Validated manifest for dataset execution context.

Bridges static registry metadata with runtime preferences. Resolves channel promotion and sampling policies with multi-resolution support. Auto-syncs img_size with resolution when not explicitly set.

Attributes:

Name Type Description
name str

Dataset identifier from registry (e.g., 'bloodmnist', 'organcmnist').

metadata DatasetMetadata | None

DatasetMetadata object (excluded from serialization).

data_root ValidatedPath

Root directory containing dataset files.

use_weighted_sampler bool

Enable class-balanced sampling for imbalanced datasets.

max_samples PositiveInt | None

Maximum samples to load (None=all).

val_ratio Probability

Fraction of max_samples for val/test splits (default 0.10).

img_size ImageSize | None

Target square resolution for model input (auto-synced).

force_rgb bool

Convert grayscale to RGB for pretrained ImageNet weights.

resolution int

Target resolution variant (28, 32, 64, 128, or 224).

lazy_loading bool

Use memory-mapped loading instead of eagerly loading into RAM.

dataset_name property

Get dataset identifier from metadata.

Returns:

Type Description
str

Dataset name string (e.g., 'bloodmnist').

num_classes property

Get number of target classes.

Returns:

Type Description
int

Integer count of classification classes.

in_channels property

Get native input channels from metadata.

Returns:

Type Description
int

1 for grayscale datasets, 3 for RGB.

effective_in_channels property

Get actual channels the model receives after promotion.

Returns:

Type Description
int

3 if force_rgb enabled, otherwise native in_channels.

mean property

Get channel-wise normalization mean.

Expands single-channel mean to 3 channels if force_rgb is enabled on a grayscale dataset.

Returns:

Type Description
tuple[float, ...]

tuple of mean values per channel.

std property

Get channel-wise normalization standard deviation.
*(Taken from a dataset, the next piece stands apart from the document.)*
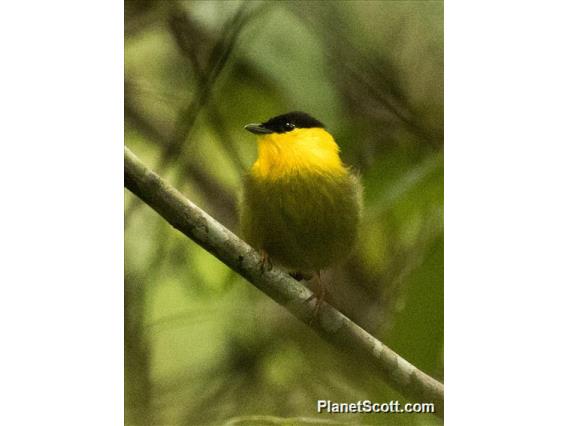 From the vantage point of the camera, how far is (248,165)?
287cm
Expands single-channel std to 3 channels if force_rgb is enabled on a grayscale dataset.

Returns:

Type Description
tuple[float, ...]

tuple of std values per channel.

effective_is_anatomical property

Whether the dataset is anatomical (conservative default: True).

Returns:

Type Description
bool

Metadata flag if available, else True (safest for augmentation).

effective_is_texture_based property

Whether the dataset is texture-based (conservative default: True).

Returns:

Type Description
bool

Metadata flag if available, else True (safest for augmentation).

processing_mode property

Get description of channel processing mode.

Returns:

Type Description
str

'NATIVE-RGB' for RGB datasets, 'RGB-PROMOTED' for grayscale

str

with force_rgb, or 'NATIVE-GRAY' for grayscale without promotion.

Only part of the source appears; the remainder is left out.